Por contra, la tradición órfica, los himnos antiguos y la vía espiritual que analiza Peter Kingsley en la cultura griega clásica lo muestran de otra forma, mucho más ambigua o ambivalente. En sus obras En los oscuros lugares del saber (2010) y Realidad (2024) Kingsley reconstruye una versión diferente de la figura de Apolo, enfatizando su condición de dios perteneciente al inframundo: señor de los santuarios subterráneos, de los estados alterados de consciencia, de los sueños que descienden a las profundidades del alma. Es también el dios del silencio fértil, del umbral, de la adivinación, del oráculo, del conocimiento visionario que solo puede recibirse si el alma ha decidido entrar en él. El dios de las cavernas, de los lugares oscuros, de la destrucción y la sanación, de la transformación mediante la incubación y la inmovilidad, del acceso al sol interior del inframundo, del descenso a lo que Jung denominaría el inconsciente colectivo.
Como enfatiza Kingsley, Apolo guía a los iniciados hacia la muerte simbólica para mostrarles la Realidad profunda. No es, por tanto, un dios de claridad superficial, sino del desgarro que permite ver la verdad al bajar a los infiernos, como Dante también relata en La Divina Comedia. Por eso Apolo es el dios que hiere para abrir el alma, el que enferma para purificar, el que arrasa para revelar lo que importa.
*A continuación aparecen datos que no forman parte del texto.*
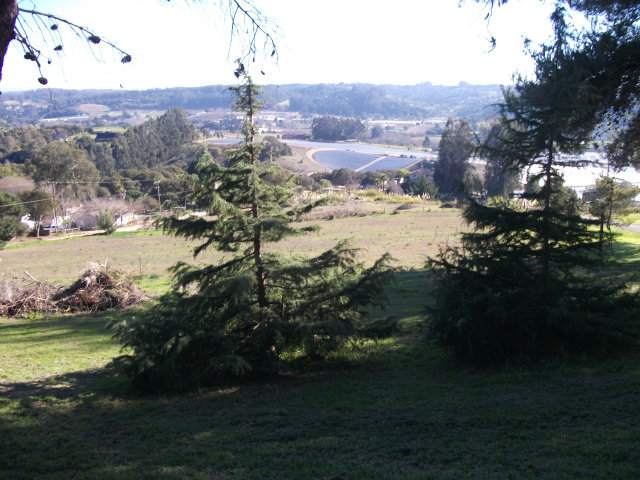 537 Pini Road Watsonville, CA 95076 - Photo 17 of 19 Gallery Image 17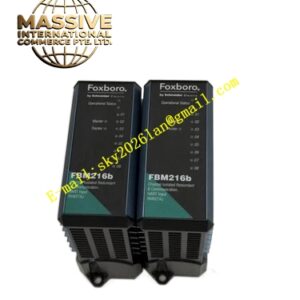 Foxboro FBM216B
En ese marco, el don que Apolo le ofrece a Casandra no es un simple privilegio: es una llamada iniciática a la transformación interior. Ver el futuro no es una habilidad. Exige previamente una mutación radical del ser. Implica morir simbólicamente, ritualmente. Y aquí se sitúa la tragedia: Casandra recibe el don, pero rechaza la unión mística (no estrictamente sexual, como se ha querido mostrar) con el dios. Es decir, se resiste a entregar el alma a la transformación radical que ese conocimiento divino —el don de la clarividencia— exige.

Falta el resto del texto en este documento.